I've often considered going home and taking charge to see if that's what the whole relationship has been missing. I bought a couple books "The Gifts of Imperfection" and "emotional bull...." to give me some ideas for dealing with it. 

The supposed affair 2.5 years ago is always on my mind, and the gut feeling has never went away. 

I actually don't answer any of her texts, calls or emails. She just keeps calling/texting/emailing. She did ask me yesterday for $200 as she couldn't cover the car payment which is also in my name. She's missed a couple in the past (which were eventually paid) but the bank told me the next one would count towards my credit. So I felt obligated to give her the $200. I just emailed it to her and said nothing else.


----------



## fml (Mar 26, 2012)

she just feels insecure and is a bit needy (i know I was calling my H like mad for 4 days after I asked him for a divore and he didnt return my calls) If you have not already just tell her that you need time to think and you will contact her when you are ready. Let her know that you still care for her but you just need some space and that she is not making anything better by stalking you. She is scared of losing you that is why she is doing this.


----------



## Schill (Dec 7, 2011)

Thanks fml.. I just feel like she doesn't have a nerve in her bone that gives a **** about me and only cares for what she is going through. 

In the past, I've told her that I don't think she cares enough and has been the heart of the issues we've had for the past 10 years. She says the right things to get me through all of it, but I'm tired of ringing the same bell over and over. 

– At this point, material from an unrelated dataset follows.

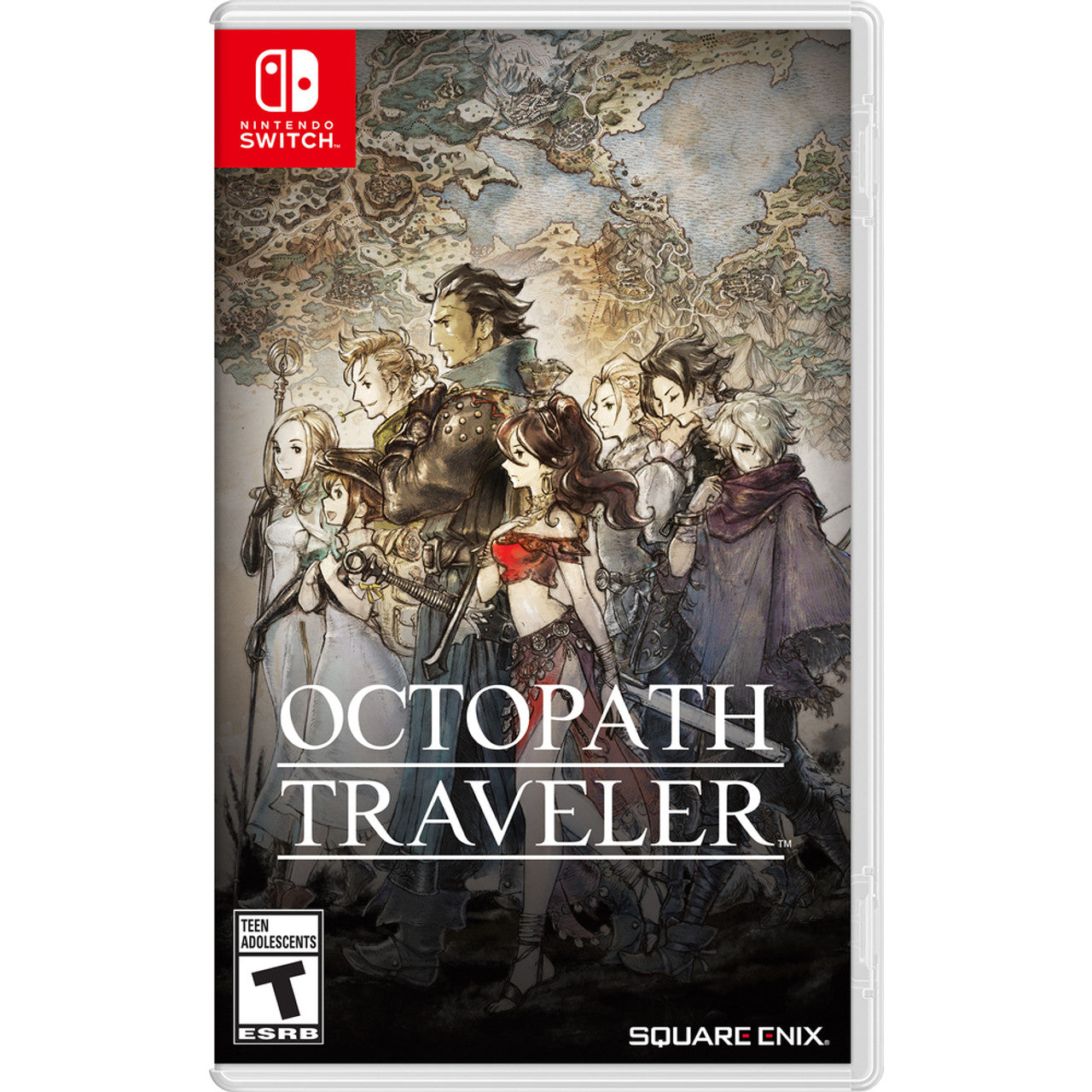 Nintendo - Octopath Traveler - Switch (D)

The dog gets more affection than me, and I've told her this. She might change for a few days and then it always goes back. I tend to "live in my thoughts" so I don't always notice things too quickly.

I tried to be the one that always initiates the affection (not sex, just playfulness, etc) and I felt like she took advantage of this.

Yesterday she through one of my couches out cuz the dog apparently had an accident. I just wanna scream !!


----------



## bandit.45 (Feb 8, 2012)

Yeah she's a winner alright. If she is unaffectionate, disrespectful and selfish, then why do you want to stay with her?
_Posted via Mobile Device_


----------



## Schill (Dec 7, 2011)

Yes, I think she's the manipulative types and doesn't even realize what she is doing. I guess I've always looked on the bright side, and my expectations have slowly dwindled over time.

The last time we actually spoke was the Monday before last, and I told her I cannot do this anymore, my head is messed up and then realized she is the manipulative type. 

I really don't know how to move on with my life. Anything I say is in one ear and out the other for her. I don't think I can give her divorce papers. In Canada we're supposedly supposed to be separated for a year first. I'm paying the mortgage in the condo, do I just tell her if she doesn't move out, I'll stop paying the mortgage?

BTW - I've read your story Bandit (only on the 2nd page so far of the thread) but I could take a lesson or two from you.


----------



## PBear (Nov 16, 2010)

Whose name is the condo in? You should talk to a lawyer, but you can't kick someone out of the marital home, usually. But the lawyer might be able to give you ideas on how you can be separated without being physically separated. But if you just stop paying on the condo and it's in your name as well, you'll be shooting yourself in the foot.

C
_Posted via Mobile Device_


----------



## Schill (Dec 7, 2011)

Condo is in my name. I had it before we got together, and I'm not even sure how legit our marriage is. We got married in Jamaica, never registered anything here and she's been claiming single on her income tax since.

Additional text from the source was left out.